TASK TO CARRY OUT
Copy each line below that contains "Volkswagen".

RECORDS FOR THE EXERCISE

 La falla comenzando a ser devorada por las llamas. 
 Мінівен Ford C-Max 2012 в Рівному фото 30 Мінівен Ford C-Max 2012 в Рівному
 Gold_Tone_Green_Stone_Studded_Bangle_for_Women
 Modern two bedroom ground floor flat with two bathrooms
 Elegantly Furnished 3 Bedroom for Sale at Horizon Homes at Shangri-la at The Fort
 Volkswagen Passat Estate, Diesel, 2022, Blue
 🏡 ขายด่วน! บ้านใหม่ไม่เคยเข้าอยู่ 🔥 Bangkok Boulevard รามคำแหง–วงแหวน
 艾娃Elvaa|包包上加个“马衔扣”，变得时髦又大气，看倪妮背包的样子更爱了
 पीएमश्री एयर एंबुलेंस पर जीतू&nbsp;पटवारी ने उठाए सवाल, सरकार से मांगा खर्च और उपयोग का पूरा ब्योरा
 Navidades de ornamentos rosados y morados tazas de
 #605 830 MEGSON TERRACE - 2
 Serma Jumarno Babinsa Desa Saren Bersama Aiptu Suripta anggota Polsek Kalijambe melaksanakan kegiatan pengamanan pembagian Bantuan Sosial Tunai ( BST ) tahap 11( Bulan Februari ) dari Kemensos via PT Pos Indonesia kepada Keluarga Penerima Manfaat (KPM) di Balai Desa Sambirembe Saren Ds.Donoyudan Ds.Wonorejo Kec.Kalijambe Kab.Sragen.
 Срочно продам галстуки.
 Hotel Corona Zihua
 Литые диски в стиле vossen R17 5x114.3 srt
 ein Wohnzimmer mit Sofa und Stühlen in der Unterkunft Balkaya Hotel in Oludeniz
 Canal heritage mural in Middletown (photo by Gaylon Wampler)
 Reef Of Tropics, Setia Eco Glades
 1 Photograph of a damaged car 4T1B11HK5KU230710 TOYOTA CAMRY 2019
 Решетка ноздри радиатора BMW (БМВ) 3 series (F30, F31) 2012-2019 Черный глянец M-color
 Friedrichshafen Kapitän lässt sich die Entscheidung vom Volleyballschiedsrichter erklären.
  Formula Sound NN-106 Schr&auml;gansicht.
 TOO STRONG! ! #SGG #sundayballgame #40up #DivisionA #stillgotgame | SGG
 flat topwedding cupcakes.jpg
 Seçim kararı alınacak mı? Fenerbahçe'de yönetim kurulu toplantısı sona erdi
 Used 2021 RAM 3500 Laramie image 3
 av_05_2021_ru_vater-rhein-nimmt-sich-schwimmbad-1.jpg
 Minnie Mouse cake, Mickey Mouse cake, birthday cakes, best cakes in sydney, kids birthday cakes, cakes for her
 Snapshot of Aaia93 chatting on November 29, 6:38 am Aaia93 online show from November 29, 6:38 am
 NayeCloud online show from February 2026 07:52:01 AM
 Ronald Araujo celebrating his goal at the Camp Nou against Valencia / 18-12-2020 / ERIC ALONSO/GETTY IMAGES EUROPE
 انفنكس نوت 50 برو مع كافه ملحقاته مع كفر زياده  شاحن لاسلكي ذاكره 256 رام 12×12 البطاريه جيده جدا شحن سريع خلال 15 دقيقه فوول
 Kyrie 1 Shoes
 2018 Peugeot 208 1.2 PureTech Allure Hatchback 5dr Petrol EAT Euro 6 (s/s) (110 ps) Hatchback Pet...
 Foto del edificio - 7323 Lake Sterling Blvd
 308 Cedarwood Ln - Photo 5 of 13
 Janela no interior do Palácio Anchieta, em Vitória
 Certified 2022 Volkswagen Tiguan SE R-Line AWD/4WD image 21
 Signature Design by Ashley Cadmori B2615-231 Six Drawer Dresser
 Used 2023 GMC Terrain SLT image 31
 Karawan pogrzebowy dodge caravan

RESPONSE TO THE EXERCISE
 Volkswagen Passat Estate, Diesel, 2022, Blue
 Certified 2022 Volkswagen Tiguan SE R-Line AWD/4WD image 21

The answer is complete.